The U.S. District Court for the District of Maryland applied this same standard but reached a different result in Burgess, 2016 WL 795975, at *3-4. In Burgess, a group of police defendants moved to dismiss a plaintiff's § 1983 claim of conspiracy to deprive him of his constitutional rights. Id. The police officers in Burgess challenged the sufficiency of the plaintiff's complaint due to the plaintiff's use of “group pleading,” which they argued rendered the complaint “legally insufficient” as a matter of law. Id. at *6, *10. The police officers argued that, by referring to all the defendants-including the police officers- collectively in a single group throughout the complaint, the plaintiff “prevent[ed] the individual officers from determining the precise scope of the charges against them.” Id. at *10. Rejecting the police officers' argument, the Burgess court explained that the pleading standard under Twombly and Iqbal did not “demand that a plaintiff possess full and complete knowledge of the defendants' alleged actions[;] [r]ather, a plaintiff need only submit facts sufficient to plead a plausible claim for relief.” Id.
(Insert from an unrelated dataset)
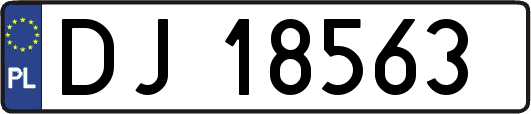 DJ18563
The court emphasized that the complaint did allege specific facts indicative of a conspiracy, and that the plaintiff's conspiracy allegations were intentionally directed at the group of named defendants-rather than a speculative “shotgun” tactic to name every individual who could possibly have been involved. Id. In this context, the Burgess court stated that “it is the very purpose of discovery to establish the presence or absence of facts with which the plaintiff intends to prove his claim.” Id. (emphasis in original). The Burgess court concluded that, “[a]t this early stage in the litigation, [the plaintiff's] allegations regarding the [defendant police officers] are sufficient.” Id. Accordingly, the police officers' motion to dismiss was denied.
While the Davis and Burgess courts reached different rulings, they are not inconsistent with one another; rather, they delineate the line between sufficient and deficient conspiracy allegations in this context. The Davis court found that the plaintiff's complaint was insufficient because the plaintiff broadly alleged that a conspiracy to violate the plaintiff's rights existed, without also identifying any specific conduct that could form the basis for the conspiracy. The Burgess plaintiff, on the other hand, did allege specific facts that could form the basis for the conspiracy. It was clear from the complaints in both Davis and Burgess that the plaintiffs lacked knowledge about all the co-conspirator-defendants' precise actions, but the Burgess plaintiff's specifical factual allegations of overt acts in furtherance of the conspiracy was detailed enough for the defendants to determine the precise scope of the charges against them.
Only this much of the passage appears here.